Nine years before any police investigation, Maria and Annie Farmer reported the troubling behaviour of Jeffrey Epstein and his companion, Ghislaine Maxwell. No one would act.
As more women have come forward in recent days to describe assaults at the hands of Jeffrey Epstein, Maria Farmer finds herself distraught, wondering what might have happened if someone had taken her seriously.
Twenty-four years ago, Farmer was an artist who had entered the unorthodox life Epstein lived behind the doors of his luxury estates. Epstein had offered to help her painting career, but it all came to an abrupt end one night in the summer of 1996, when she says Epstein and his companion, Ghislaine Maxwell, began violently groping her.
She learned later that her 16-year-old sister, Annie Farmer, had been subjected to a troubling topless massage at Epstein's ranch in New Mexico.
Farmer contacted the New York City Police Department, and said she then went to the FBI, offering to share what she knew about Epstein and the parade of young women being brought to Epstein's houses. Though the bureau has never acknowledged such a contact, Farmer said the FBI must have had a record of it, because agents came back to her — years later — with questions. She also went to leaders in the New York art world that Epstein and Maxwell frequented, and the sisters tried to tell their story to a national magazine.
In each case, their reports went nowhere.
Finally, facing what she said were threats as a result of the sisters' claims, Farmer abandoned her New York art career and stopped painting altogether.
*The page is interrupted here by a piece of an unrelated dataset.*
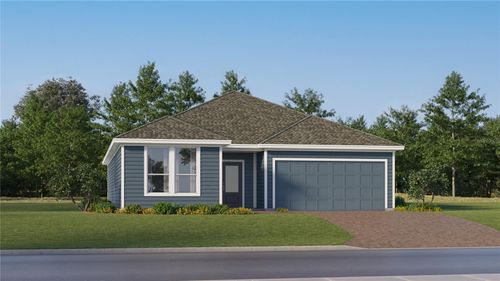 5370 Tempest Way, CLERMONT, FL, 34714 | Card Image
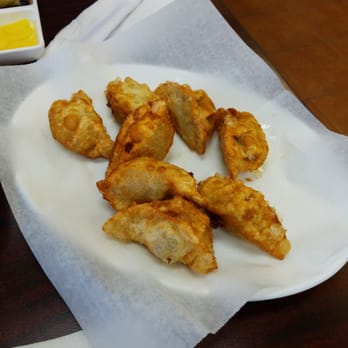 Dumpling House - Korean Near Me - Los Angeles, California Dumpling House - Korean Near Me - Los Angeles, California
"I did not want another young lady to go through what Annie went through," Maria Farmer said recently. "I could handle what happened to me. I could not handle what happened to her."
Epstein would continue to lure vulnerable girls into his predatory circle for another nine years before investigators began diving deep into his world. After being arrested on federal charges of sex trafficking of minors in New York and Florida, Epstein died this month in what authorities said was an apparent suicide.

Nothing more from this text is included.